As we walked back in the direction we came from, I caught a glimpse of something several blocks away, a lone figure in the darkness, whose exaggerated stature was illuminated ominously by the blazes that surrounded us. The hair on the back of my neck stood up, and my pulse quickened. Breaking away from Ian, I ran, which prompted the figure to do the same, only in the opposite direction.
“What is it?” Ian yelled, catching up to me.
“It’s him,” I answered. “Up ahead.”
“Him as in him-him? Are you sure?”
“Once you’ve been in his presence, you never forget it.”
We ran full speed, avoiding the falling debris and ash that rained down on us from the sky in a virtual Armageddon. The figure had disappeared from view, but my gut told me it was him, and that we were on the right track, if we could just keep moving.
If we could just keep moving.
I skidded to a stop, craning my ear toward the scene of the explosion. What had I heard? Were those screams, moans, or other signs of life? Yes. There was definitely someone in that building, trapped in the fiery tower.
“What?” Ian stopped next to me. “Celaine, we have to keep moving. We may actually have a chance to catch up to him if we keep up our pace.”
“Shh, Ian,” I said. “Listen. Do you hear what I hear coming from that building?”

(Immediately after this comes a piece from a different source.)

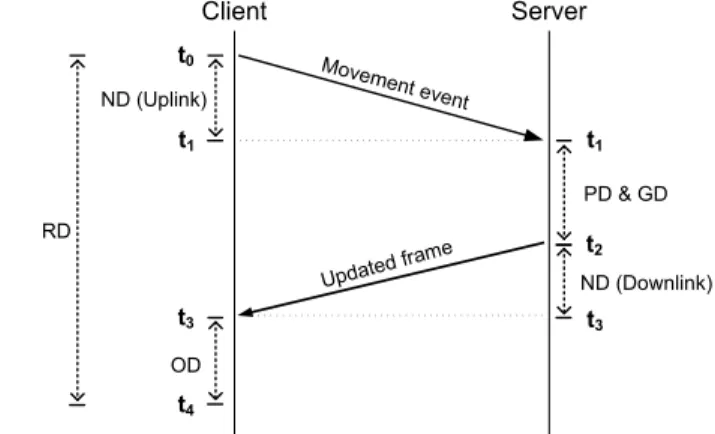 Fig. 4. The procedure of measuring response delay by sending a movement event.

Ian craned his ears, his eyes widening, telling me that what I had heard wasn’t merely in my mind. “So, I guess this is our chance to really be superheroes,” he acknowledged. I agreed, looking back forlornly at the horizon. “Don’t worry, we’ll have another crack at him,” he said, his arm draping across my shoulders.

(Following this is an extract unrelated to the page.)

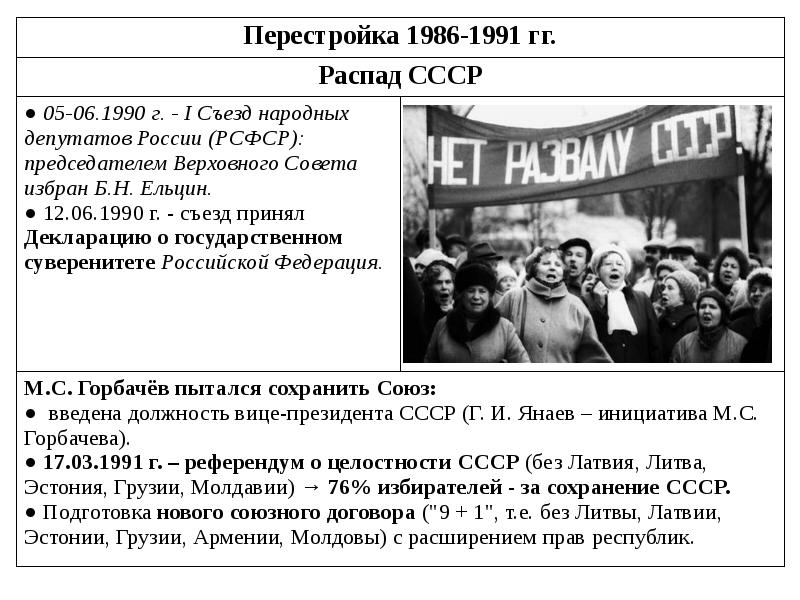 Ссср в 1985 1991 гг перестройка презентация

“That’s exactly what I’m worried about.”
*****
He jumped from rooftop to rooftop, his legs giving out on him on his last jump. Coughing, he hung over the edge of the building adjacent to the one ablaze, allowing his worn body to decompress. Each attack was becoming increasingly more difficult to pull off, which was further intensified by his body betraying him, lengthening his recovery time. Sure, he wasn’t as young as he used to be. His body had seen better days, but his difficulties still troubled him, making his attacks further apart than he would have liked.
When his coughing fit finally came to an end, he was, at last, able to compose himself enough to admire his handiwork. The death toll was low, not as high as he normally would have liked, but his goal wasn’t to kill, it was to make a statement. A statement to those who dare challenge him and his power; a statement to those who needed to be reminded that he was still a force worthy of their fear.
Scanning the ground below, he saw her. She stood next to where her new partner lay, watching as he freed himself from the rubble.
I could jump down there right now and take care of them both with little effort
, he thought, a scowl forming on his face. He knew the blast wouldn’t harm her, for she was too well protected. Not to mention, he didn’t want her death to be quick. No, her death was going to be much…slower. A burning hatred welled inside him, invigorating him. Her death would be planned; calculated to the last detail.